How does the EPFO manage the money contributed by subscribers?
The money contributed by active EPFO subscribers goes into a common pool and is invested based on guidelines formulated by the Central Government. The Central Board of Trustees of the EPFO selects the fund managers and monitors their adherence to these rules.
According to the recent disclosure to Parliament, the EPF’s ₹3.6 lakh crore corpus (the provident fund alone and does not include the pension fund) was invested to the extent of ₹1.74 lakh crore in Central and State Government securities and Government-guaranteed securities; ₹52,845 crore in the special deposit scheme of the government; and ₹1,31,691 crore in corporate bonds (both public sector and private sector) as on December 31 2014.
The government’s approved investment pattern for the EPFO requires that up to 55 per cent of the corpus be parked in government securities or State/Central Government-guaranteed bonds. Five per cent within this limit may be invested in gilt mutual funds.
Another 40 per cent of its corpus is to be earmarked for term deposits in banks or corporate bonds, of which 75 per cent has to be rated investment grade. The remaining 5 per cent of the corpus may be parked in money market mutual funds.
A recent amendment requires the EPFO to park a minimum of 5 per cent and a maximum of 15 per cent in stocks or equity-linked mutual funds. All these investments are managed on a buy and hold basis, without any active trading on market movements.
How does the EPF select stocks?
No stock selection is involved. Though the mandated investment rules allow the scheme to invest in any listed stock on which derivatives are available, the EPFO’s current equity investments are being made only through exchange-traded funds.
This year, the scheme plans to invest 25 per cent of the allocated ₹5,000 crore in SBI Mutual Fund’s Sensex Exchange Traded Fund and 75 per cent in SBI Mutual Fund’s Nifty Exchange Traded Fund. SBI Mutual Fund will charge 7 basis points (7 paise for every ₹100 managed) as fees for managing the EPF money, of which 5 basis points will go to the fund and 2 basis points towards investor education initiatives.

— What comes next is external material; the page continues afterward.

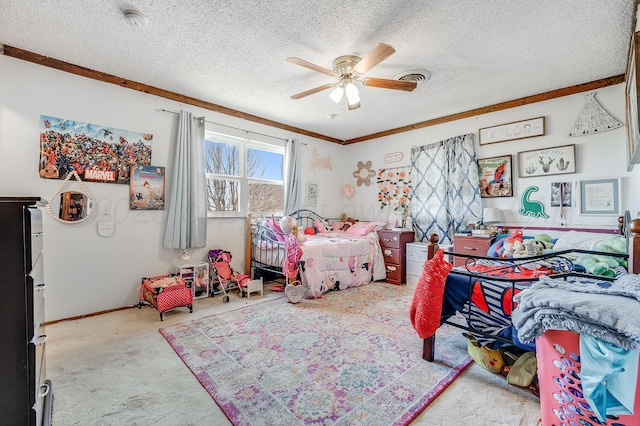carpeted bedroom with visible vents, a ceiling fan, ornamental molding, baseboards, and a textured ceiling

Do I face higher risk to my capital, now that it has begun to invest in equities?
No. The EPFO is taking real baby steps with its stock market investments.
The equity ceiling of 15 per cent exists only in theory. For the current year 2015-16, the sum invested in equities will be capped at ₹5,000 crore.
This is 5 per cent of the incremental inflows of ₹1 lakh crore that the EPFO expects to receive from subscribers this year. At last count, the EPFO managed a total portfolio of ₹6.5 lakh crore (under the PF and pension schemes). The equity investments, even if they hit the limit of ₹5,000 crore, will amount to just 0.7 per cent of this portfolio.
So, for every ₹100 of subscriber money that is already in the EPF, only 70 paise is being deployed in equities.
Even if this becomes zero (which is highly unlikely) ₹99.3 of every ₹100 you invested will still remain safe in gilt and bond investments.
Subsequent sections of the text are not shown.